Input material
[Start of Attachment]
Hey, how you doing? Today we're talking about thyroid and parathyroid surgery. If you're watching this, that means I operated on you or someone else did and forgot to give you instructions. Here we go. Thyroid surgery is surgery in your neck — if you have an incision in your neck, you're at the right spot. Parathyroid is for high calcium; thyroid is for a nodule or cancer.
[End of Attachment]
[Start of Attachment]
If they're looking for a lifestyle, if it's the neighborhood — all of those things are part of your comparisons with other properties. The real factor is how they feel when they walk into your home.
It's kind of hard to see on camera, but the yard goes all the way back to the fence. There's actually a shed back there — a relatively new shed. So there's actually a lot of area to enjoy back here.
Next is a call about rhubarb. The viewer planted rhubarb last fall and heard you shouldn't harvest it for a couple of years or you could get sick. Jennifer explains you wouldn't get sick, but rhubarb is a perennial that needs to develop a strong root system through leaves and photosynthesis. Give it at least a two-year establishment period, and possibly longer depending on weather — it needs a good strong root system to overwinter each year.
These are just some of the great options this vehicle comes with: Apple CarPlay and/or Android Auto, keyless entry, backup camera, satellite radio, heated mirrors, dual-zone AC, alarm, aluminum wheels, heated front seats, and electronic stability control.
[End of Attachment]
Starting at the line with "Next is a call" and ending at the line with "These are just", print each line of the listing above exactly, with no other lines.

Next is a call about rhubarb. The viewer planted rhubarb last fall and heard you shouldn't harvest it for a couple of years or you could get sick. Jennifer explains you wouldn't get sick, but rhubarb is a perennial that needs to develop a strong root system through leaves and photosynthesis. Give it at least a two-year establishment period, and possibly longer depending on weather — it needs a good strong root system to overwinter each year.
These are just some of the great options this vehicle comes with: Apple CarPlay and/or Android Auto, keyless entry, backup camera, satellite radio, heated mirrors, dual-zone AC, alarm, aluminum wheels, heated front seats, and electronic stability control.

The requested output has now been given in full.